Apart from the administrative procedure, obviously it is strictly necessary the development of incentives by the government, considering that to all the problems mentioned above we have to add the spot prices of electricity that we are currently recording. These prices reach historical lows day after day, which significantly increases the expected years of payback from the investment of the photovoltaic project.

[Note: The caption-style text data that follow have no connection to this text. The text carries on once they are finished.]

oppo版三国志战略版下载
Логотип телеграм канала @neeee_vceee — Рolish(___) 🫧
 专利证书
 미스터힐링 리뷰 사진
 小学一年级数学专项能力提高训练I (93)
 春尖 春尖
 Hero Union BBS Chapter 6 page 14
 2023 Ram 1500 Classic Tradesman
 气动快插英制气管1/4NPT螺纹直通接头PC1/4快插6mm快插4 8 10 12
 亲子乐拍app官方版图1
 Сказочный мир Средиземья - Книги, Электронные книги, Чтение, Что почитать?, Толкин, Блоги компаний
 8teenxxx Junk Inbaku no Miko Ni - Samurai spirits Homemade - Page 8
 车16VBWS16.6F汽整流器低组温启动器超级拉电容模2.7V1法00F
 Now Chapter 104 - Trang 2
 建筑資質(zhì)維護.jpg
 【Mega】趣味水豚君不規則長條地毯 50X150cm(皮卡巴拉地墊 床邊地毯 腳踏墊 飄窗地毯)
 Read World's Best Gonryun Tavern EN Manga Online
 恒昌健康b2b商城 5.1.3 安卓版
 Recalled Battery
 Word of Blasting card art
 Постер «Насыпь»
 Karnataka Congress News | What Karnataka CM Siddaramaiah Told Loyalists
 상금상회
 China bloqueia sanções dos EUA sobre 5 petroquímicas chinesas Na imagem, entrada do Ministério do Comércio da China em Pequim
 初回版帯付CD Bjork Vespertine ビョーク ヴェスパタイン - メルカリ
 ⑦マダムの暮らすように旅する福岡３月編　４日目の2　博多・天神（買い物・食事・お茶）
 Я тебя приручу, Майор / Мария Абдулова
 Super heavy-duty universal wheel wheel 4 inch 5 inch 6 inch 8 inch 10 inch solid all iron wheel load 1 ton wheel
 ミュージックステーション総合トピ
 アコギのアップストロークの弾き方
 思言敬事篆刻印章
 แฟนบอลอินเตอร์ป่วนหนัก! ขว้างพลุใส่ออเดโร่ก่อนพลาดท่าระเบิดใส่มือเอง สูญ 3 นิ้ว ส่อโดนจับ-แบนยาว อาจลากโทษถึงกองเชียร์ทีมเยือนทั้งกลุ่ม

Power Purchase Agreements (PPAs)
The critical consequences of the Covid-19 pandemic in the photovoltaic sector also directly affect the Italian PPAs market. Virginia Canazza, general manager of the consultancy REF-E, announced in an interview with PV Magazine that PV projects without subsidies could still be financed through PPPs, but added that investors are unlikely to risk dealing with low margins. In fact, current prices do not justify investments and new participants prefer to wait for a return to the market stability.
Before the appearance of the coronavirus crisis, Italy was going through a positive phase in which the market parity scenario was favourable to investments financed through PPAs. We know that the LCOE of solar energy in Italy is between 38 and 52 €/MWh, depending on the geographical area of installation and the size of the project, so that quoting forward prices before the impact of Covid-19 ensured good margins of long-term benefit. However, in recent months, and mainly due to the oil price war between Saudi Arabia and Russia, future electricity prices have started to quote at very low levels. In addition, the Italian lockdown led to a sharp contraction in energy demand and a consequent decrease in the price of emission allowances, directly linked to the price of forward electricity.
This scenario, certainly, has not favoured financing, however, the attitude of the banks does not seem to be of total closure but rather of increased caution and expectation to see how the current situation will evolve in the coming months. In fact, in general, the financial transactions that were being negotiated before the pandemic continue to be in the executing phase, albeit with appropriate adjustments. On the contrary, new operations are struggling to find lenders.
We do not think that the PPAs era has come to an end in Italy, or rather, nipped in the bud. On the contrary, we are talking about slowdowns and expectations at times that are certainly more certain and stable.
Determining the full impact of the virus on the photovoltaic sector, whether it is self-consumption or PPAs, is impossible due to the high uncertainty and any recovery depends on how quickly the mitigation measures implemented will help the solar industry to return to full production, together with the recovery of demand and consequently of national electricity prices. In the raw materials field, with the Chinese government working proactively to combat the spread of the virus, markets are expected to recover and the solar industry will gradually recover in the second half of 2020. In terms of recovery of demand and consequently of prices, everything will depend on the development of the virus, where the post-summer period will be crucial, with lower temperatures and a new possible peak of contagion.